August in the town of Keene is busy. Tourists and summer people cheerfully overrun the hamlets, consistently in good humor because they are on vacation. People who work with the public here have always said that the August people are different from the July people, although they can’t quite put their finger on the difference. This is true at the Ausable Club as well as in local stores.
As I pull into my driveway, a beat-up compact car roars into the drive behind me, and a long lanky creature with orange curls unfolds itself from behind the steering wheel. It’s Oshkosh.
“B’gosh!” I shout. People have been greeting him this way forever. His real name is John, but his parents, Ted and Margo, nicknamed him Oshkosh after the Wisconsin City where they vacationed by the shores of Lake Winnebago one magic summer about 21 years ago. As far as I know he has never been called anything else.
His sister, Jenni, came along about three years later. Ted and Margo hadn’t been traveling much since Oshkosh arrived, so she wasn’t named after some exotic vacation spot. On the other hand, she wasn’t named anything as commonplace as Jennifer, either. No, she was christened Jennings, a name that sounds plural, as if they were expecting her to be twins, or even quints. She may have been named after William Jennings Bryan or Waylon Jennings, or Jennings could be a family name.
Later, the magic in Ted’s and Margo’s marriage dissipated, as if Lake Winnebago had never been. Still, they agree that the boy Jennings is dating is all wrong. The more they complain about him, the more she loves him.
I have changed so much. The stories I used to read about star-crossed young lovers kept apart by cruel parents I see now in a different light.
“Listen to your elders!” I hiss at the heroine. “It’s for your own good, you ninny!”
“I’m returning your Joan Baez CD,” Kosh now tells me. “You wouldn’t have any early Dylan I could borrow, would you?”

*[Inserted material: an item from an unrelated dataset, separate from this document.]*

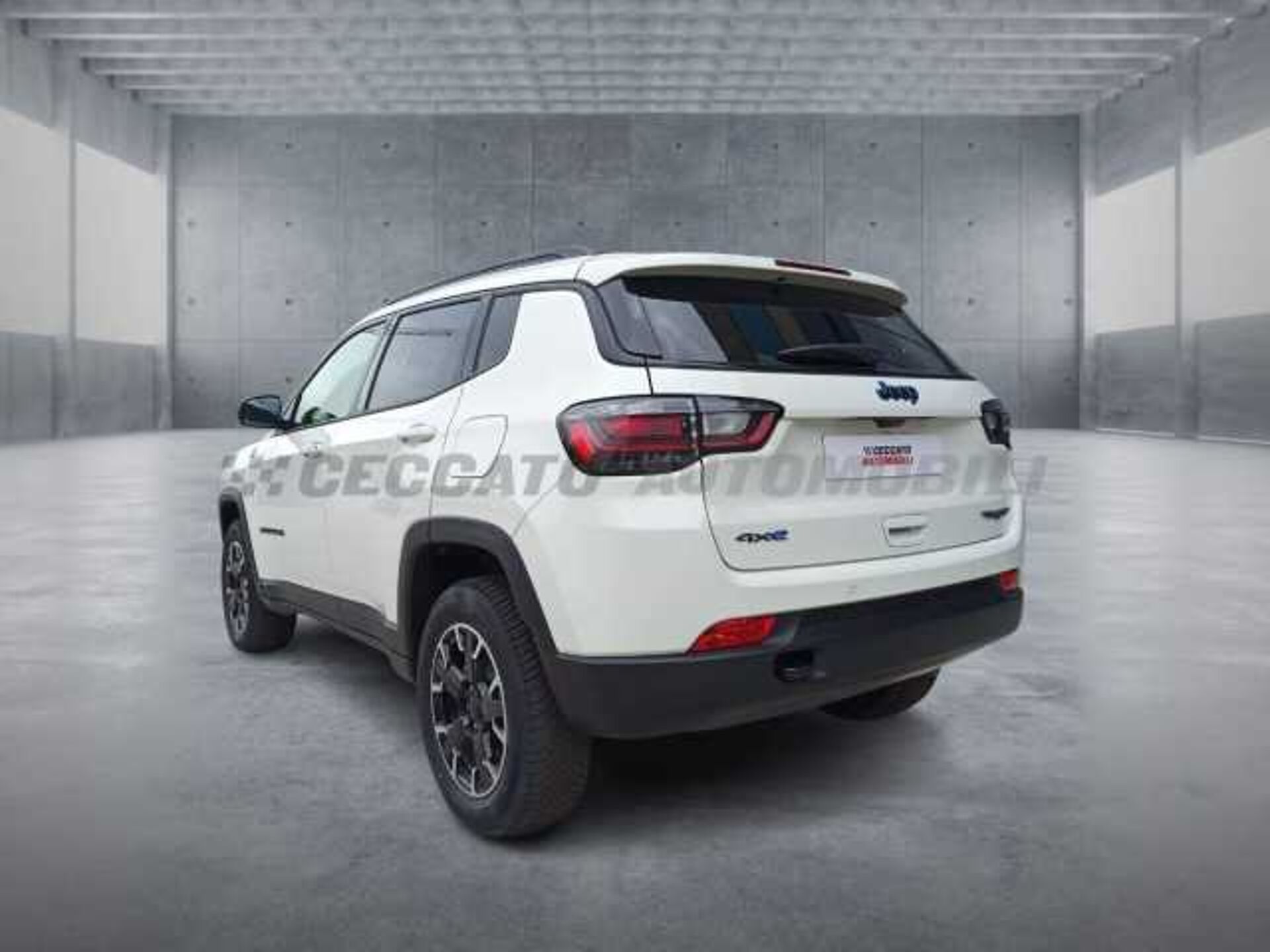 Jeep Compass 1.3l - white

“Sure,” I tell him. I’m glad he likes the music I grew up with, and I’m not worried about getting back the CDs. My CD player broke years ago.

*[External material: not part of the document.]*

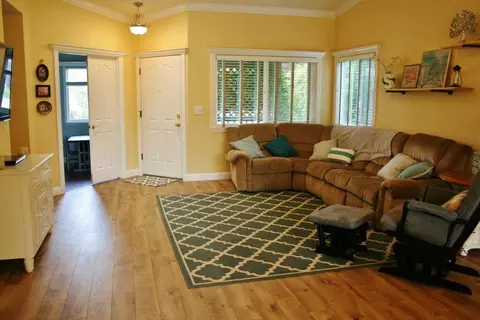 1421 Calexico Dr, Redding, CA 96003 photo 2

Kosh is questioning whether he’ll go back to college or take a year to travel. This was bound to happen. Naming him after a city on the shores of a distant northern lake has given him outlandish notions.
On the dining room table, a stack of newspapers awaits sorting. And can wait awhile longer, as far as I’m concerned. Oshkosh picks up a Boston paper, finds the want ads and starts going through them, running his finger down the page, his face crumpled with concentration.
“Antler work, antler work, can’t find any antler work.”
“Good luck.”
“Bob run,” he mutters. “Creosote buildup removal…”
I give him a sharp glance. Is he joking? Impossible to know for sure. I go to hunt for the Dylan CDs, and when I come back he is reading “Weekly World News: The World’s Only Reliable News.”
“Listen to this,” he says. “Alien cookbook found in wreckage of 1975 flying saucer crash. Hungarian goulash using real ground-up Hungarians. Canadian bacon …”
“Yeah. That article is really interesting. They say experts cracked the secret alien code with just one word: potato,” I tell him. “Here you go. Take that “Weekly World News” with you, why don’t you, I’m through with it.”
“Thanks. Cool! ‘Bride bursts into flames at altar.'”
Out he goes into the August heat, still reading, shoulders hunched. He folds himself into his car and reverses out of the drive as I watch. You can’t help but wonder with someone like Oshkosh where he’ll end up. Or, rather, where he’ll wander while he’s getting there.
Have a good week.
(Martha Allen, of Keene Valley, has been writing for the Lake Placid News for over 20 years.)